What has been a fun day for Chinese solar panel tech company Solarfun (SOLF) is turning out to be not so fun for holders of stock in U.S. solar panel technology vendor First Solar (NASDAQ:FSLR). The company Monday held its first analyst day since its IPO a year ago, and apparently what the company had to say was not quite enough for bulls on the stock: the shares are down almost 6% Tuesday, or $12, at $216.44.
A brief roundup of opinion:
- Signal Hill Research analyst Michael Carboy writes that “ultra-bulls” may have come away disappointed from the analyst day, as a result of a few things management said. First, the company is not likely to announce additional plant startups given that it already has four plant startups underway. Carboy says some ultra-bulls may have been looking for signs of expansion in the company’s thin-film module production. Second, but related to the first point, First Solar is not looking to boost gross profit as a percentage of sales by boosting capacity to capture unmet demand, which Carboy thinks is a sound strategy, but which might have disappointed those looking for some margin upside. Carboy rates the shares Hold. He doesn’t have a price target for the stock, but I would note that based on a much lower profit estimate for the year ending Dec., 2009 than peers, at $3.60 per share, his model reflects a much higher P/E for the company, at roughly 64 times.

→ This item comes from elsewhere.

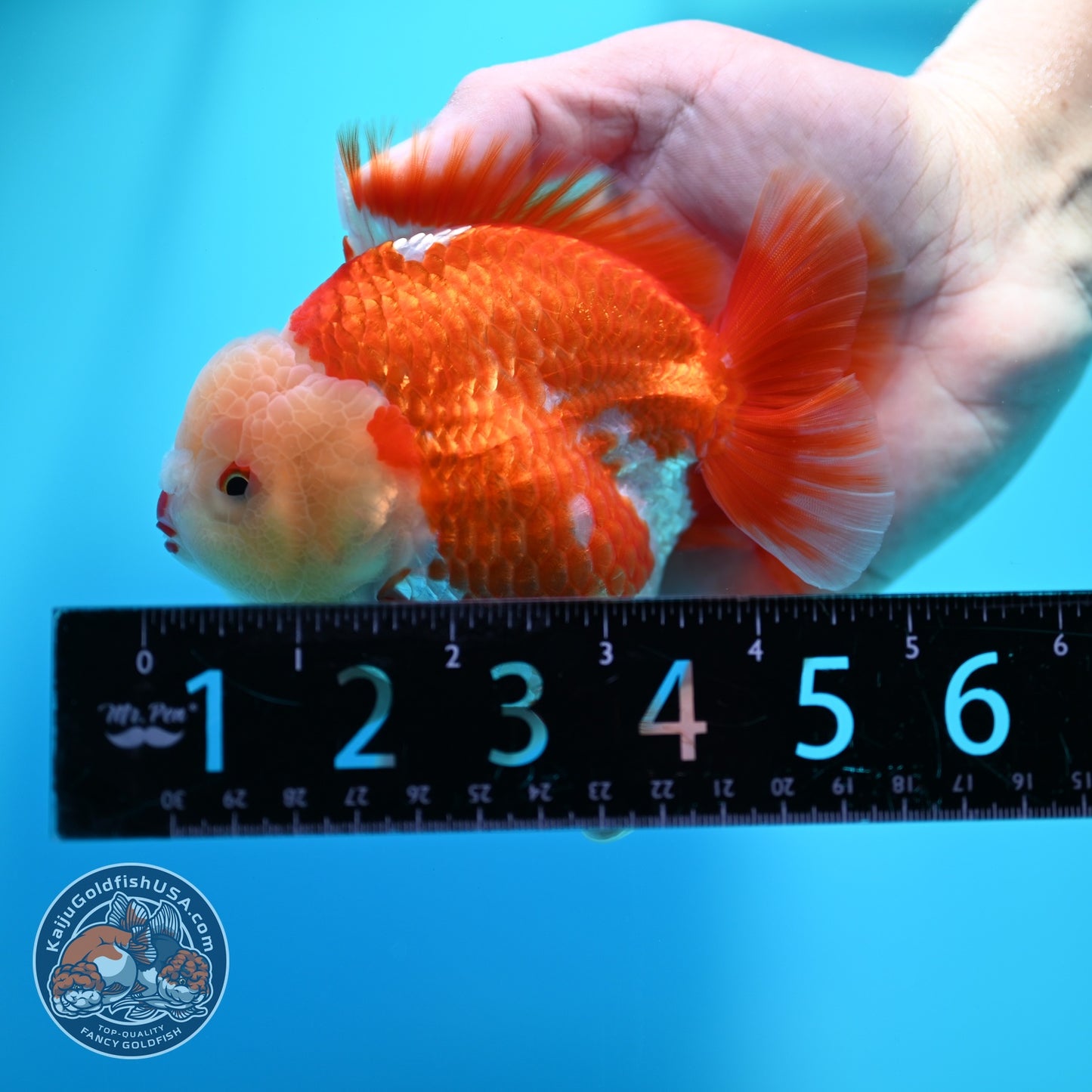 Red White YuanBao Oranda 4 inch Body (260529_OR15)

- The big news, according to CIBC World Markets analyst Adam Hinckley, is that the company will be entering the U.S. utility market for the first time, via the acquisition, announced last week, of DT Solar (which has funding from media mogul Ted Turner). Hinckley says that DT Solar’s sales to utilities can generate twice the revenue of First Solar’s traditional sales of thin-film solar panel modules, though the gross profit on those sales is lower than has been the case for First Solar. While “We expect the move into the U.S. utility market to drive net income growth,” Hinckley notes however that, “Even if DT Solar experiences significant growth, it may take a couple years to impact FSLR’s financials.” Nonetheless, he’s raising his price target on the stock to $250, from $230. Like I said, Hinckley and others have more, uh, modest valuation for First Solar: $250 represents a 50 times multiple of the $5 per share in earnings he thinks First Solar can make in 2009.
- The main takeaway from the event, which did not involve “significant announcements,” writes Collins Stewart analyst Daniel Ries, is that First Solar aims to compete worldwide without subsidies for solar power, by bringing down the cost per watt of its photovoltaic products. That would be good, since First Solar shares took a dive last month on word the U.S. Congress may leave solar out of renewable energy tax credits. The company, says Ries, laid out a roadmap in which it can bring its cost per watt to $1 to $1.50 by 2011. That will require the company to bring its own cost of manufacturing down to 80 cents per watt. The cost per watt to First Solar was $1.16 in the most recent quarter, notes Ries. Ries has a Buy rating on shares of First Solar and a $260 price target, which, like Hinckley, he justifies as a 50 times P/E, with his estimate for 2009 profit being slightly higher at $5.26 per share.
First Solar shares have risen nearly nine-fold since its IPO on Nov. 17 of last year.